(WHAT THIS TASK INVOLVES) Leaving out the pictures, output the lines from the one that contains "有線光学式マウス 静音/3ボタン Mサイズ レッド BSMOU27SMRD" through the end of the material, exactly as they stand.

(MATERIAL SHOWN)
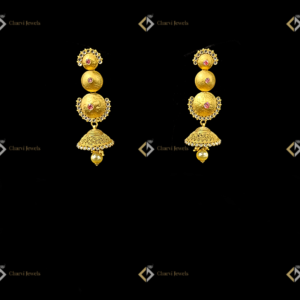 Golden Cascade Jhumka Earring - Bridal jewellery consultation near me in RS Puram Coimbatore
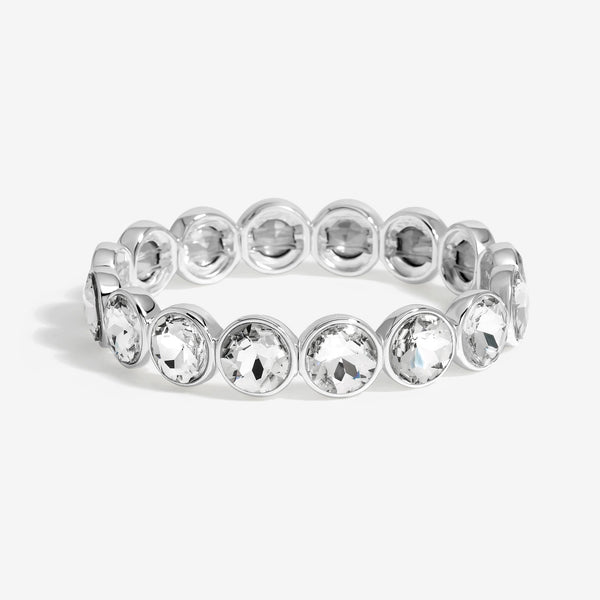 Jon Richard Silver Plated Statement Crystal Stretch Bracelet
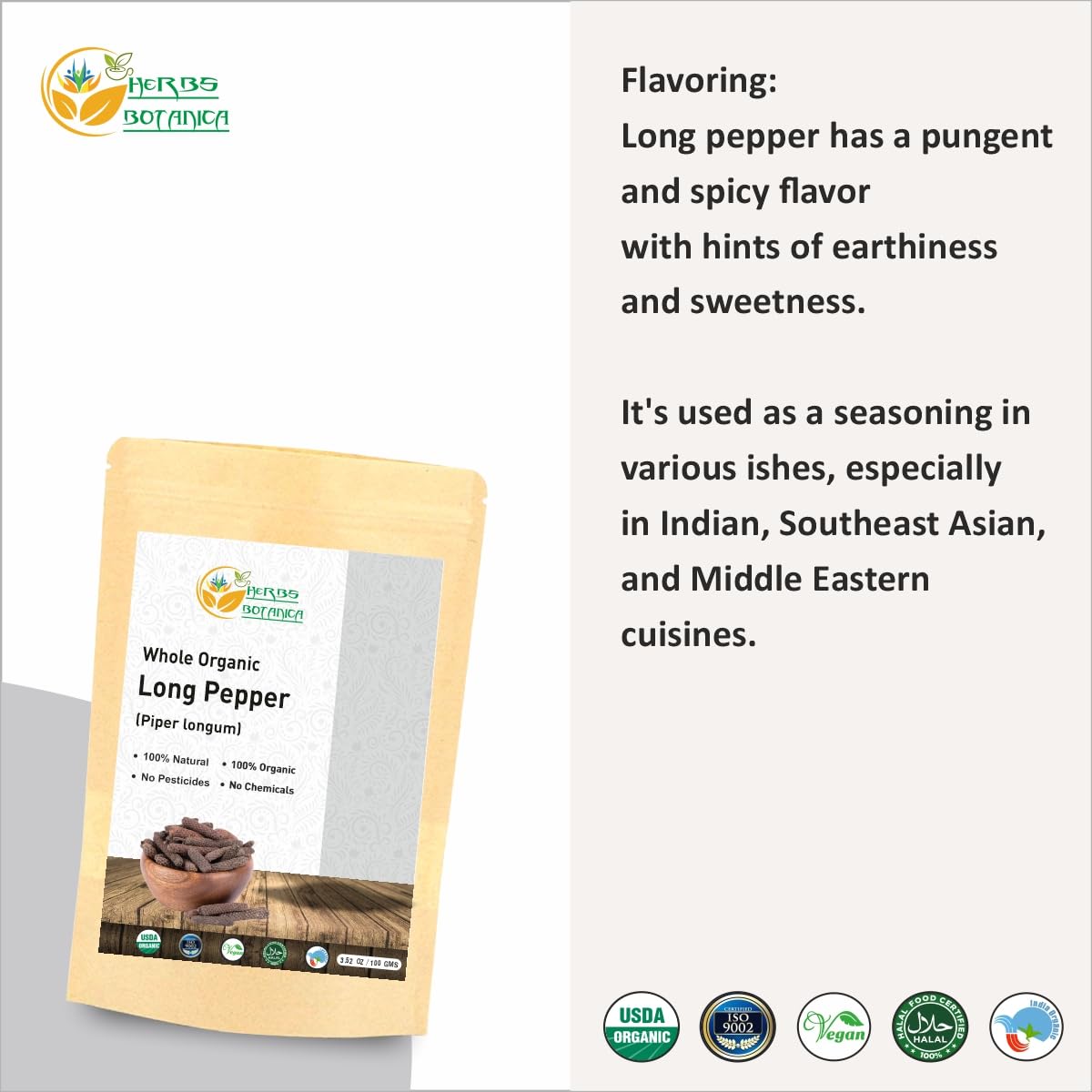 Herbs Botanica Long Pepper Whole Organic Piper Longum Black Peppercorns Pippali Whole Piper Indian Pure Longum Natural Poivre Wh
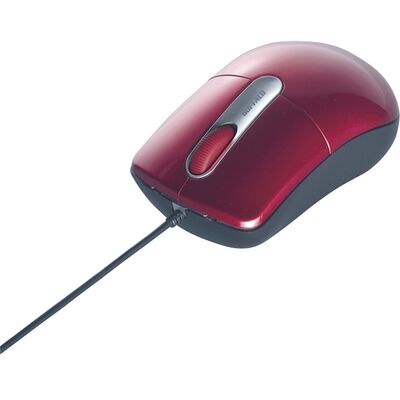 有線光学式マウス 静音/3ボタン Mサイズ レッド BSMOU27SMRD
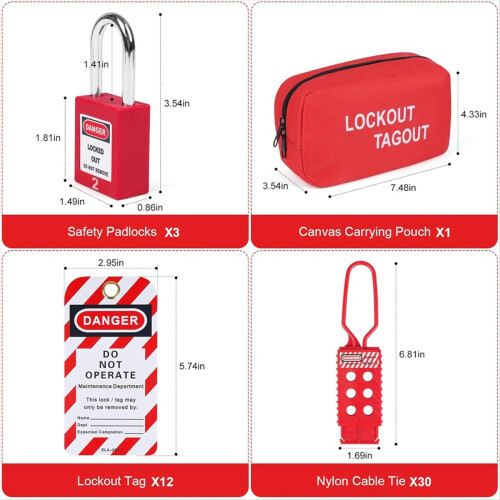 Lockout Tagout Kit Electrical-Group HaspsTags,Lock Out Industrial Tool 2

(WRITTEN ANSWER)
 有線光学式マウス 静音/3ボタン Mサイズ レッド BSMOU27SMRD
 Lockout Tagout Kit Electrical-Group HaspsTags,Lock Out Industrial Tool 2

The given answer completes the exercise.